If you were being interviewed by a church to possibly becoming their Pastor and were asked this question, how would you respond? 

*What is your view regarding music in worship?*


----------



## Semper Fidelis (Dec 29, 2009)

That it is a circumstance of congregational song.


----------



## jrdnoland (Dec 29, 2009)

This is just my opinion, but I feel strongly about it. I've left several churches because of the music and the style of worship.

I think:

The words need to be biblically accurate
The music needs to lead the congregation in worship, not entertain them
The music can’t last longer than the preaching from the Bible lasts


----------



## N. Eshelman (Dec 29, 2009)

Well, I guess many of us could answer the question in various ways. I see instruments as connected to the Levites that were commanded to use them and hence part of the law that was done away with in Christ. 

In seminary, when I would discuss this issue with friends, I often wondered how one could feel so strongly about a piano or organ when the Word of God commands such a wide variety of instruments. So for me, I only see three ways that it could be understood in Reformed worship: 

1. (My view) Instruments are not part of New Covenant worship. 
2. Instruments are merely to aid in worship so preference cannot be made a serious issue- acoustic guitar vs. organ... I'd rather hear the guitar. 
3. Instruments ARE commanded so we must use all that the Scriptures command... ie; trumpets, cymbals, pipe, lyre, stringed instruments... etc. 

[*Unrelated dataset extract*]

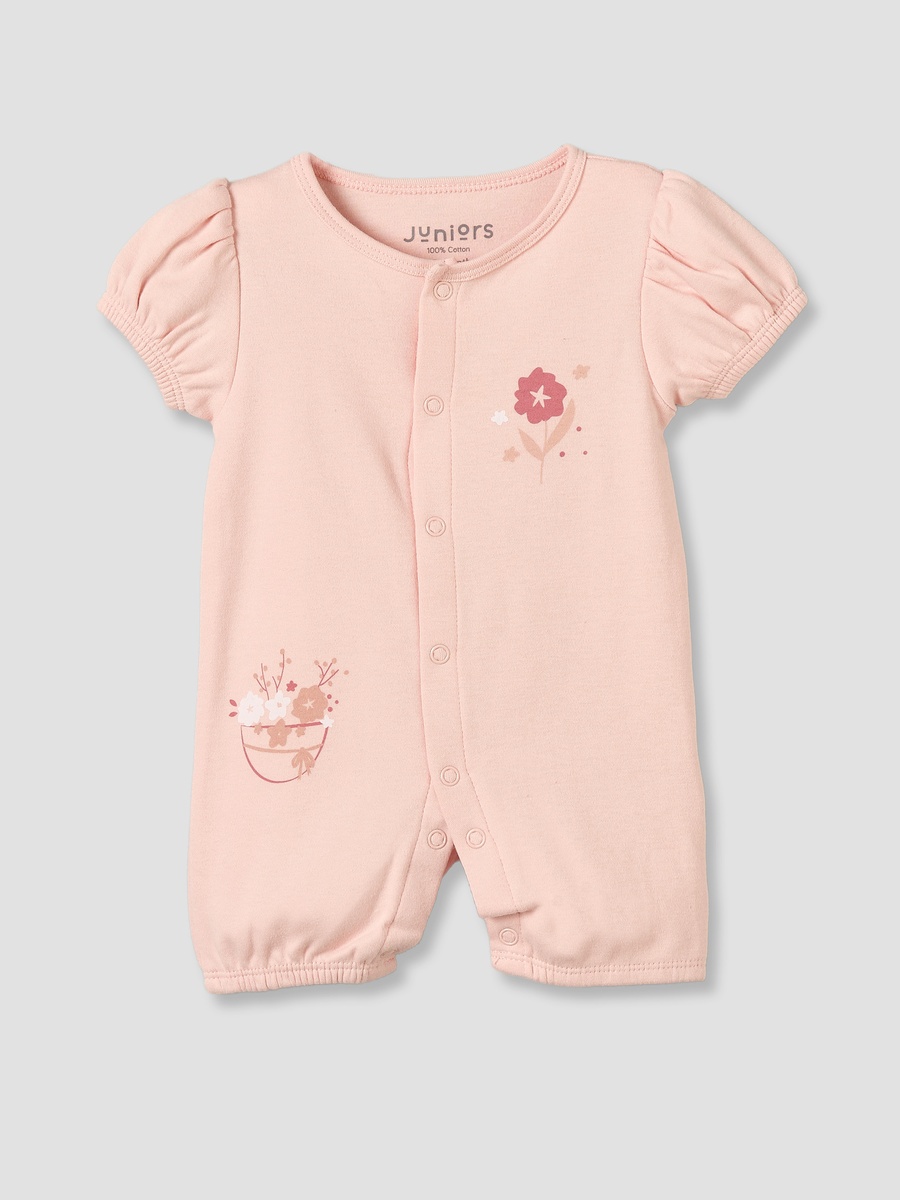 Pack of 3 Round Neck Short Sleeves Romper with Floral Print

So you must consider where you fall concerning the PRINCIPLE before you can decide on the PRACTICE.


----------



## reformedminister (Dec 29, 2009)

I would say that music is an important element in Scriptural worship. It should be well balanced with the other elements of worship including prayers, Scripture Reading, Sermon, and maybe the Lord's Supper with the preaching of God's Word holding central place. My preference in music is traditional hymns and psalms accompanied by the organ or piano. I have nothing against some contemporary choruses, as long as they are Scriptural. I would prefer to see such choruses in a "blended" service and accompanied only by an acoustic guitar.


----------



## Romans922 (Dec 30, 2009)

nleshelman said:


> Well, I guess many of us could answer the question in various ways. I see instruments as connected to the Levites that were commanded to use them and hence part of the law that was done away with in Christ.
> 
> In seminary, when I would discuss this issue with friends, I often wondered how one could feel so strongly about a piano or organ when the Word of God commands such a wide variety of instruments. So for me, I only see three ways that it could be understood in Reformed worship:
> 
> ...



Good points. Would you then make this principle even stronger by saying that whatever instruments are used, they must be used and make music that produces in the worshipper a reverent and awe-filled heart? (or something like that?)


----------



## Backwoods Presbyterian (Dec 30, 2009)

Not only that but the instruments should never overpower or drown out the congregational singing. If you can hear the organ/guitar/trumpet/etc. and cannot hear your neighbor or the person behind you there is a major problem.


----------